Additionally, in the Sustainable Building Technical Manual, David Gottfried points out, "Viewed over a 30-year period, initial building costs account for approximately just 2% of the total, while operations and maintenance costs equal 6%, and personnel costs equal 92%."

The majority of the increased cost is due to designing and planning of integrating the sustainable building practices, so generally, the earlier the green design concepts are incorporated into the design process, the lower the cost.

Life cycle analysis can help to evaluate the real costs over time. Some items, such as solar panels, may cost more in the short run but may generate huge energy savings over a number of years.

In addition, green buildings provide financial benefits that conventional buildings do not. With more natural light and better air quality, green buildings typically contribute to improved employee and student health, comfort, and productivity.


What is a home energy rating?

HERS (Home Energy Rating Systems) provide a standardized evaluation of a home's energy efficiency and expected energy costs.  A home energy rating can qualify a home owner or home buyer for an energy-efficient mortgage (EEM) or an energy-improvement mortgage (EIM).  An energy rating can maximize the value of the largest single investment most home owners are likely to make in their entire lifetime. In addition, knowing a home’s energy performance is a critical when selecting or upgrading a home.


How do I find an Energy Rater?

Search the EnergyGauge database for an Energy Rater near you.


How can I reduce my energy costs in my home?

Whether you-re designing a new home or retrofitting an existing home there are several things you can do to save money. Look at Florida Solar Energy Center's list of priorities for more details.


What is a radiant barrier? Should I have one in my home?

Radiant barriers are installed in homes—most commonly in attics—to keep them cooler and reduce cooling costs. In hot climates, the benefits of a radiant barrier include both dollar savings and increased comfort. The barrier consists of a highly reflective material that reflects radiant heat, rather than absorbing it.

Without a radiant barrier, your roof radiates solar-generated heat to the insulation below it. The insulation absorbs the heat and gradually transfers it to the material it touches, principally the ceiling. This makes your air conditioner run longer and consume more electricity.

For more information about radiant barriers, take a look at the video listed below. Although the video was created in the 80s, the technology is still applicable.

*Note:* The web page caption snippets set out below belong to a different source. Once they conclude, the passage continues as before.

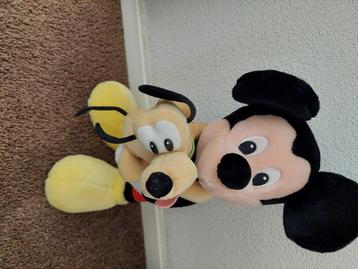 Mickey Mouse met Pluto beschikbaar voor biedingen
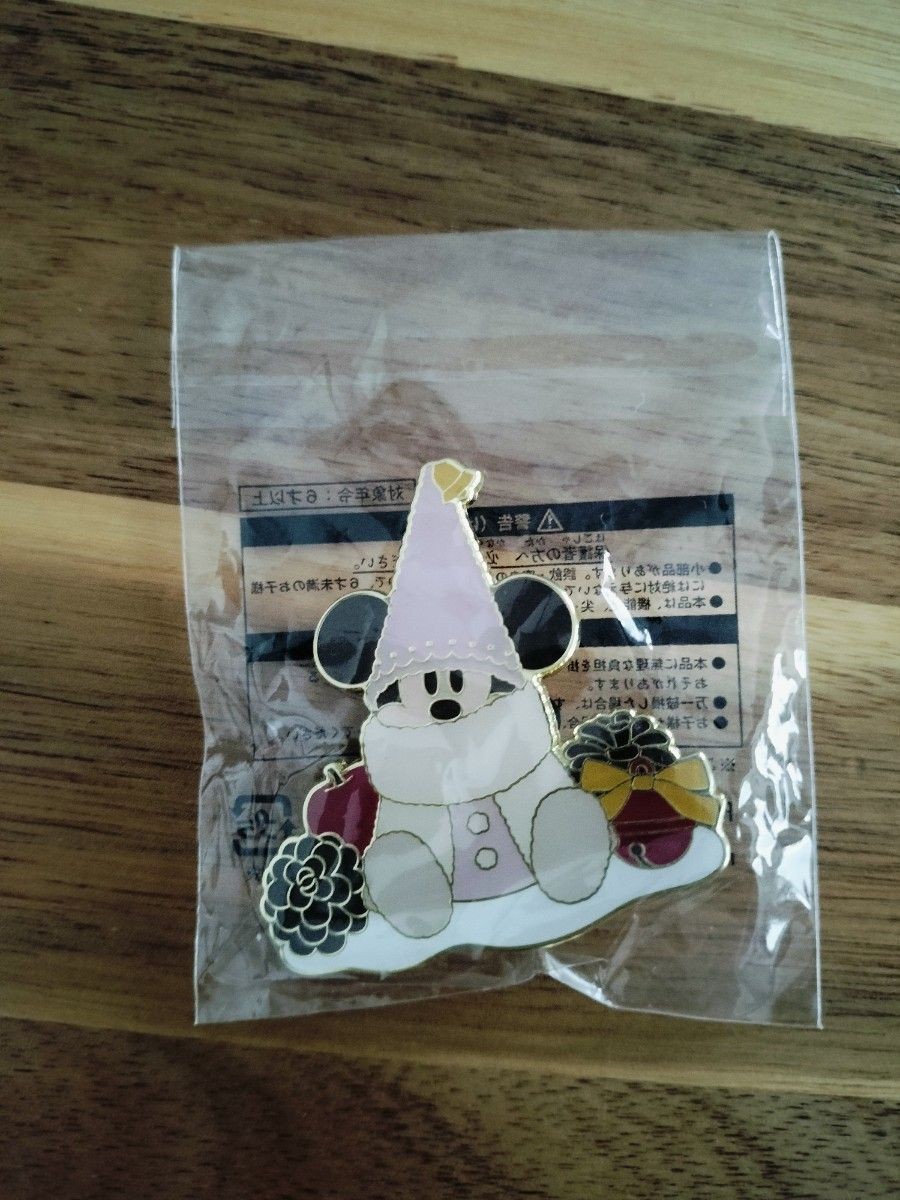 New Set Of 5 Tokyo Disney Christmas 2025 Mickey Li'l RingRing pins complete NEW
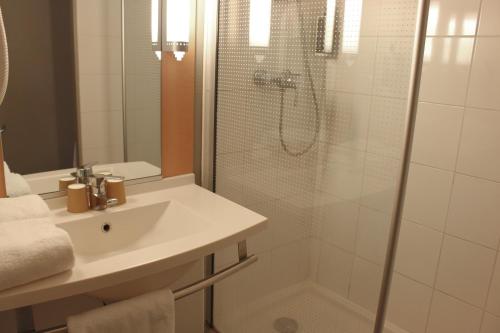 Habitación Doble Estándar - 2 camas del hotel Ibis Dijon Sud. Foto 7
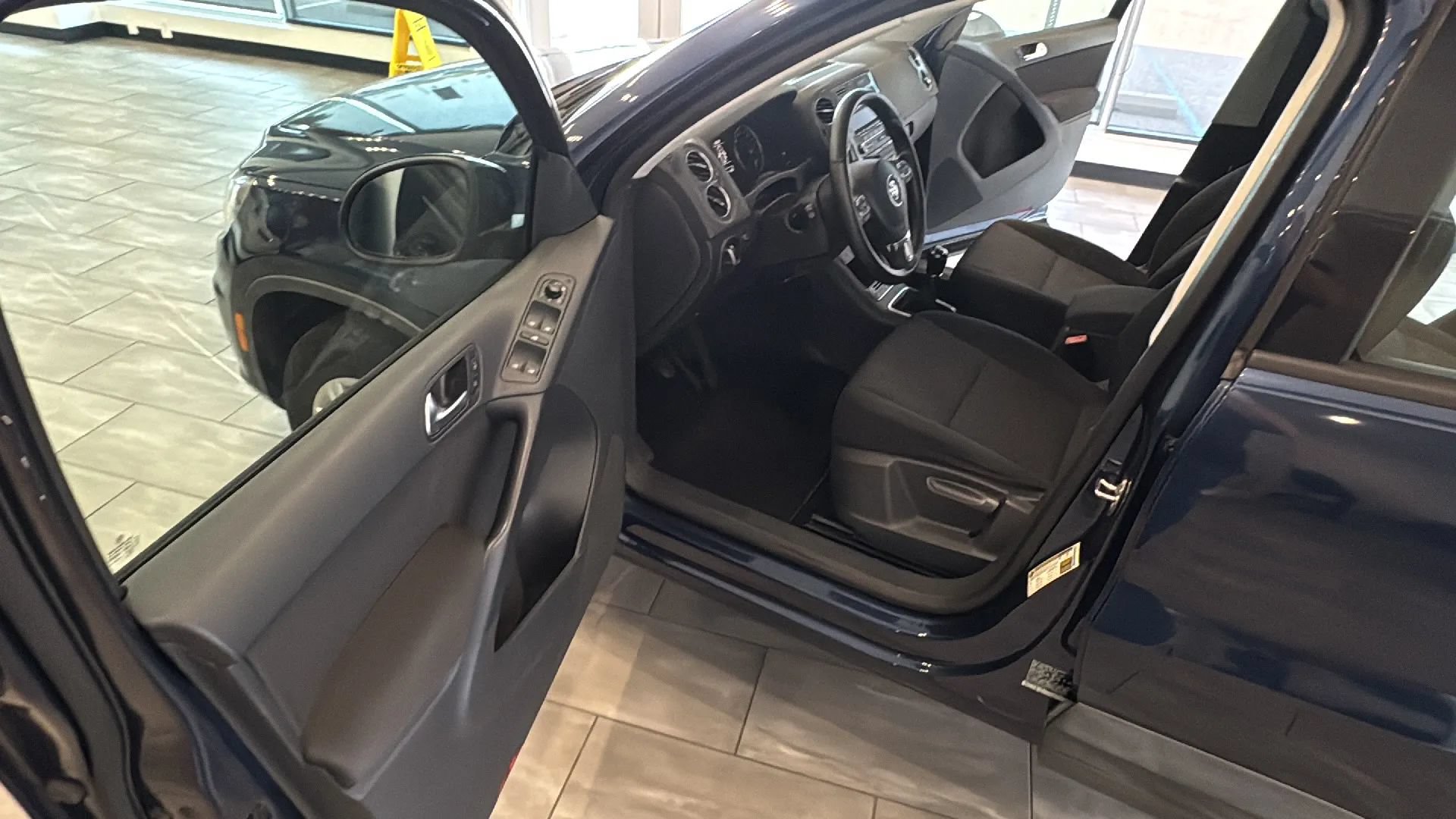 Used 2013 Volkswagen Tiguan S FWD image 20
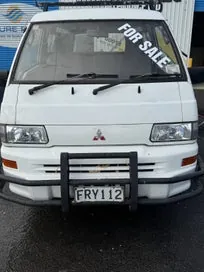 Mitsubishi L300 2010 photo 2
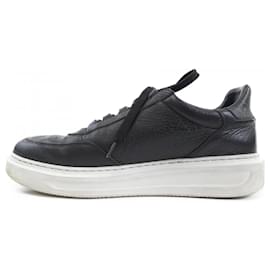 Louis Vuitton-Tênis pretos Louis Vuitton-Preto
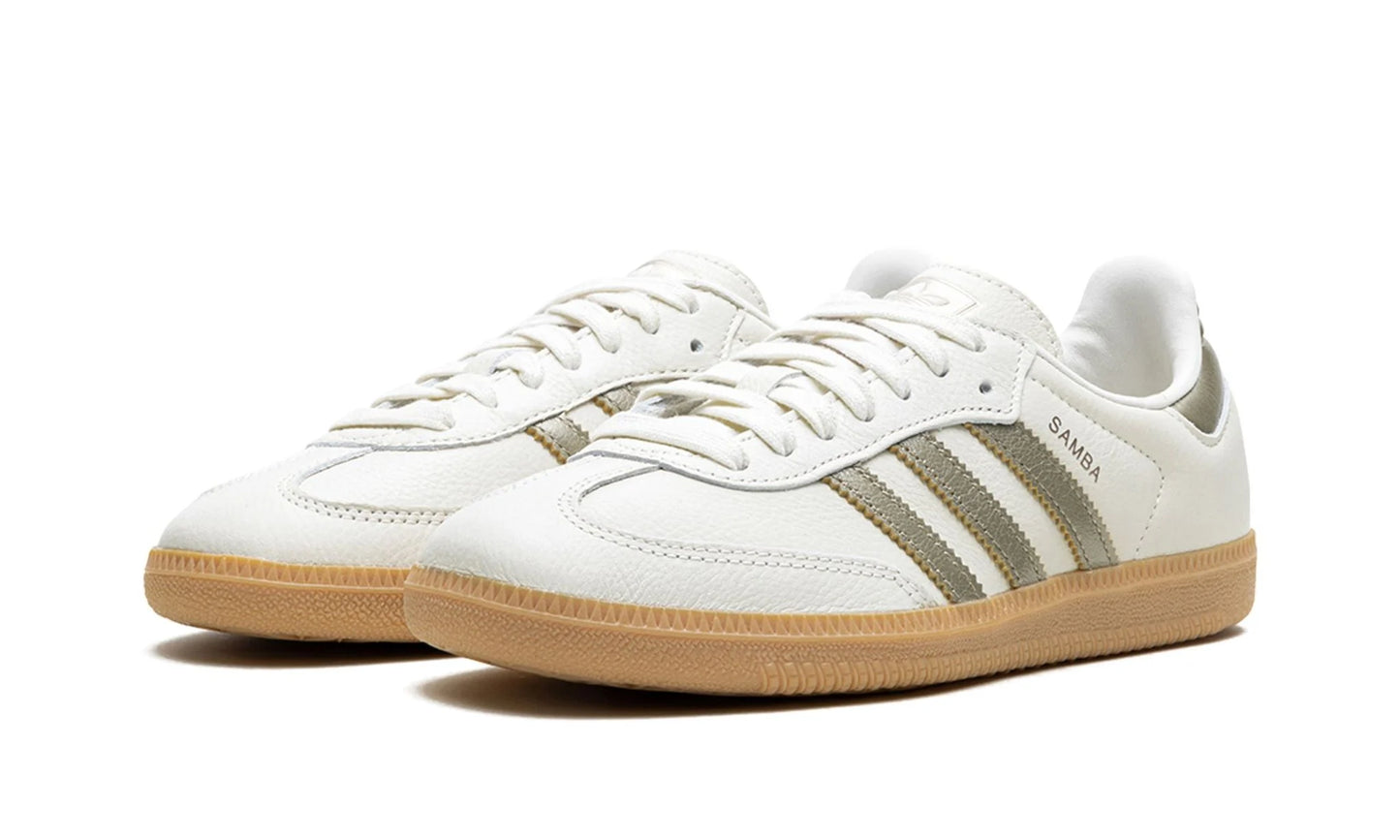 Parte da frente das sapatilhas Adidas Samba OG Cyber Metallic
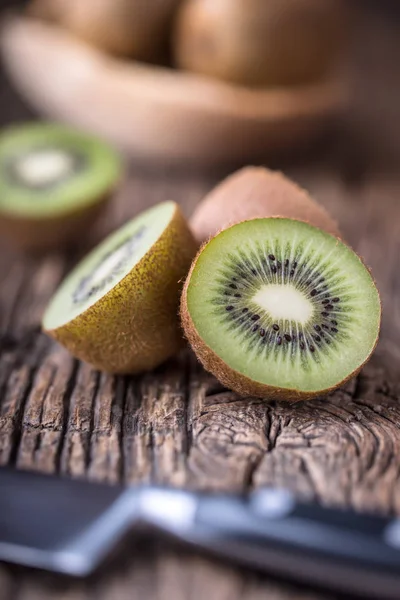 Kiwi Fruit. Câteva fructe kiwi pe suprafața de lemn de stejar — Fotografie, imagine de stoc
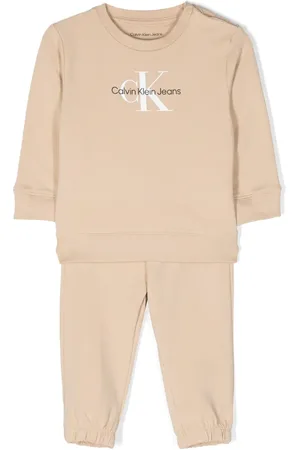 Calvin Klein Traje deportivo de tres piezas con logo estampado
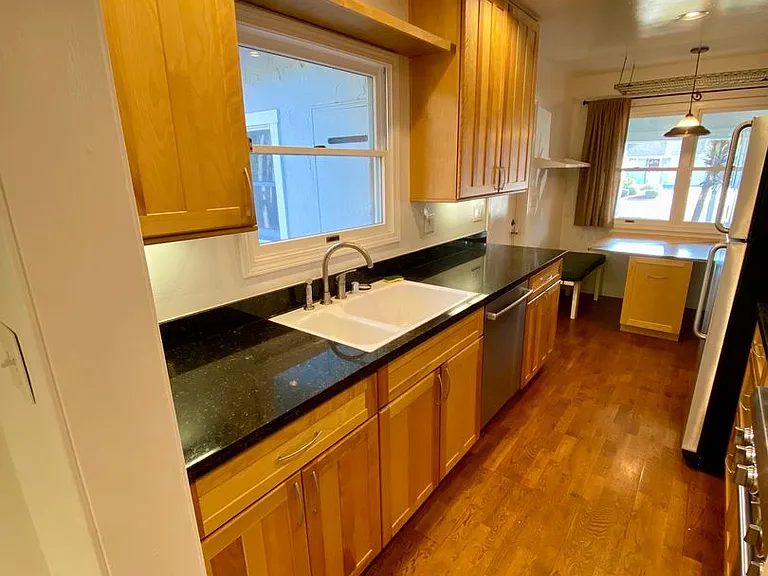 1052 Clark Ave — Photo 7
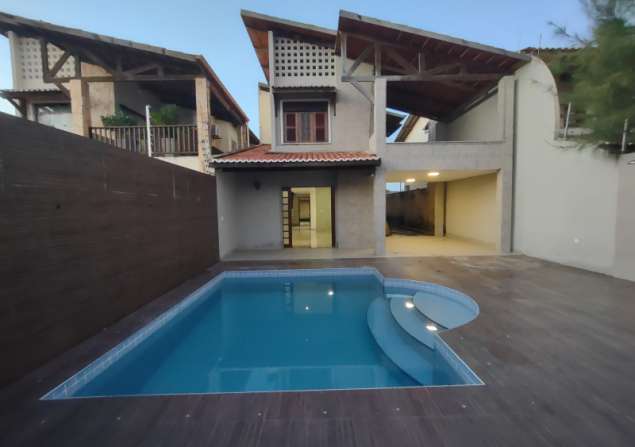 imóvel com 255m²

Note: The video is provided in multiple sizes to accommodate different connection speeds. Quick Time 7 is required for viewing but can be downloaded for free by clicking the button below.

Radiant Barriers:
How they work and
how to install them

Running time: 18 minutes

QuickTime 7 Required button

<Small> <Medium> <Large>

Photo: Close-up of man stapling radiant barrier to underside of roof decking

What is a "green" roof?

The term “green” roof may refer to an actual green vegetative roof or it may refer to a roof that utilizes “green” technology, such as a photovoltaic (solar electricity) system.

A green vegetative roof is one that is partially or completely covered with vegetation and soil, or a growing medium, planted over a waterproofing membrane. Additional layers, such as root barrier or drainage and irrigation systems may also be included. Green roof systems have been shown to reduce heat transfer through the roof, decrease stormwater pollutants, and cut down on stormwater volume by naturally evaporating the runoff through the plant respiration process.

In Florida, the University of Central Florida's Stormwater Management Academy installed the university's first green roof on the Student Union. The roof is covered with plants ranging from dune sunflowers to bougainvillea, and three-fourths of the vegetation is native to Florida. It requires little maintenance and it is designed to absorb much of the rainwater. What isn’t absorbed is captured into cisterns and used later to irrigate the roof.